Chris is an electrical engineer, he supports the software developers with the hardware part of the story.

The Pengutronix lab environment consists of DUTs, power supply switches, serial ports (network connected), Ethernet switches, and GPIO switches. There is also a central CAN bus to which devices can be attached. Similar for USB. A test can span over multiple devices. There’s a test server in the same rack as the devices. There’s also a WiFi access point and a Bluetooth device. There are also USB devices.

There are lots of USB devices in the lab infrastructure. The USB interfaces of the DUTs sometimes misbehave. But also the hubs don’t always behave properly. Because there are so many USB devices connected to the server, there are sometimes not enough USB addresses on the bus.

EMC becomes a problem because lab is too compact. There are ground loops between the USB, Ethernet shield, serial, 1-wire, CAN, … buses. Also capacitative over the power supplies. Thus, sometimes problems are triggered by switching big loads - maybe some of the USB problems are due to that.

The lab uses 1-wire for a lot of switching because it is compact. There are two problems with that. It is accessed over USB so if USB breaks down, so does 1-wire. Also the owfs server sometimes seem to loose devices. It’s also difficult to debug.

There will be more automated testing in the future, but also more interactive work on the central test setup. Therefore, the reliability needs to increase. Some ideas to get there:

  • Decentralize the test approach, i.e. multiple test servers and connect fewer devices to the test server. Even better, have an embedded device as the test server, so you can use real hardware for GPIO, 1-wire, CAN. The impact of a problem is much smaller then. Such a small conroller should cost $200-300.
  • Ethernet doesn’t cause too much problems, so that can stay centralised.
  • There should still be a centralized test server that is x86_64.
  • A problem with so many test servers is that scalability problems pop up: updating the OS, reliability of power supplies and storage.
  • Replace 1-wire and (some) USB with CAN bus. This allows galvanic isolation between the bus and the DUT. However, it adds complexity because a microcontroller is needed on the node. Also some protocol on top of the CAN bus has to be used.
  • Currently, the DUT’s power is switches with the PSU from the customer. However, this creates high load switches which may be the source of some of the problems. So it would be better to sitch the 5/12V supply on the device itself.
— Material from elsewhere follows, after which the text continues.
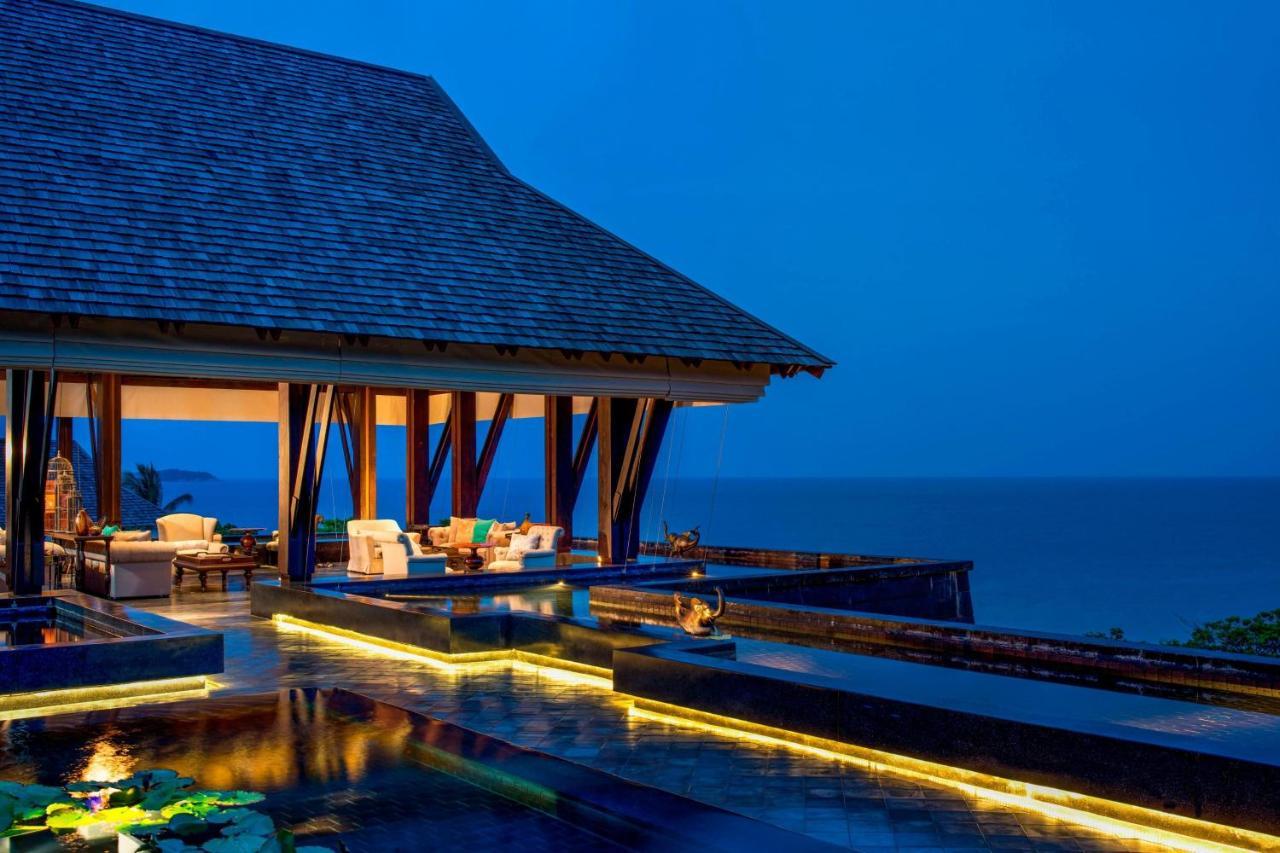 Vana Belle, A Luxury Collection Resort,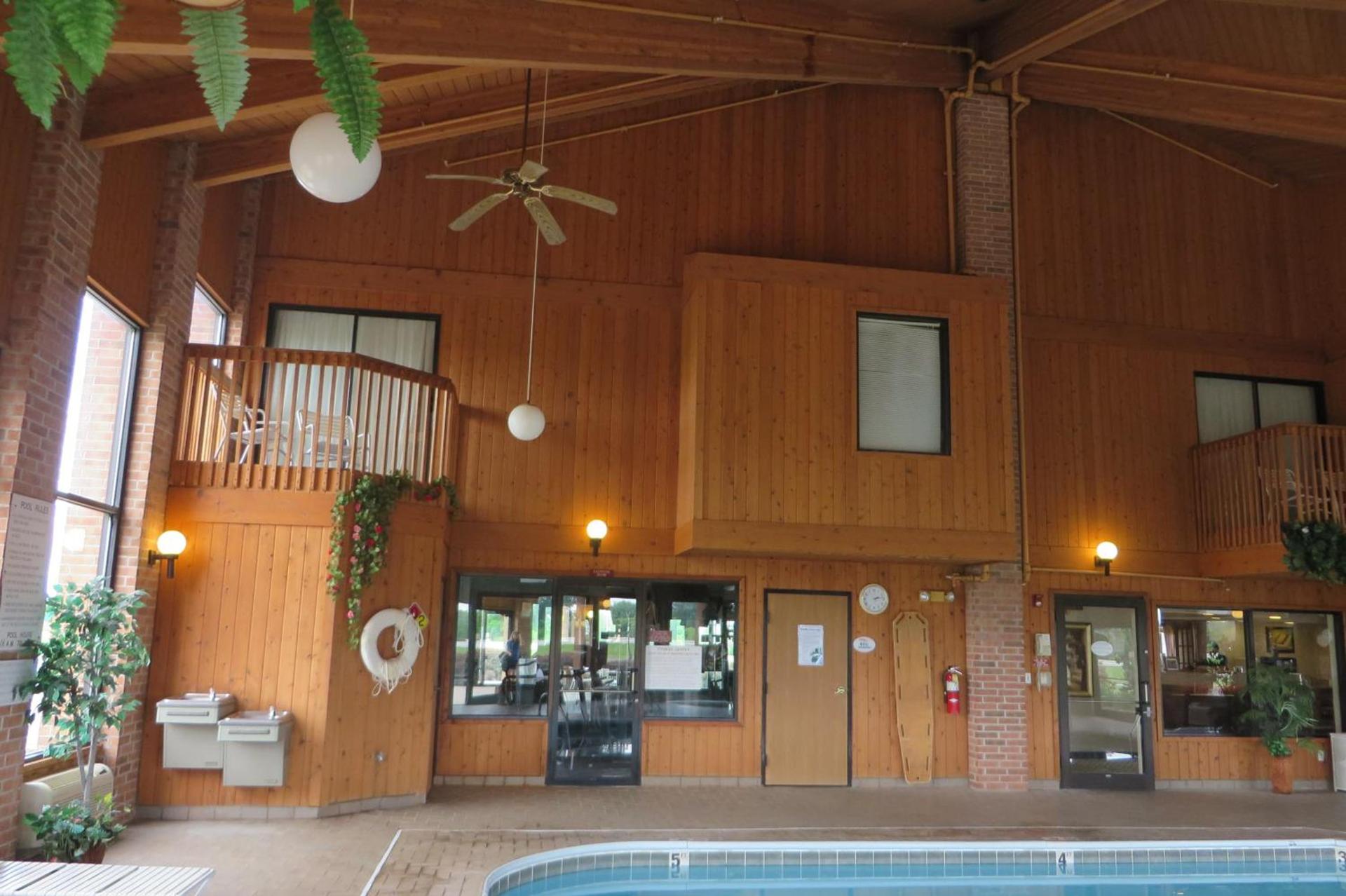Baymont by Wyndham Boone photo 5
This also gives the advantage that the inrush current can be controlled, and it allows measurements of current and voltage.

For distinguishing between a hardware failure and a test failure, there should be some known-good situation that is checked in the test infra. LAVA and labgrid have something like this, but it doesn’t cover everything, e.g. a flaky USB device.

From the audience, there were some idea of what should be in this test hardware.

  • Power switches
  • Ethernet that is isolated (link can be brought down, can be put on the bridge or isolated). However, for that, it’s also possible to use a central managed switch. The labgrid setup already has VLAN control of the different ports, it would be possible to add link control to that with SNMP.
  • CAN bus seems to be more interesting than capes for extending the setup with specialised equipment (ADC, temperature control, …).
  • Sometimes high-speed extension devices are needed. USB3 can be used for that. But then of course the host needs to support USB3.
  • For some use cases, the host needs to be an x86_64.
  • SDmux controlled directly (without USB) would be useful as well.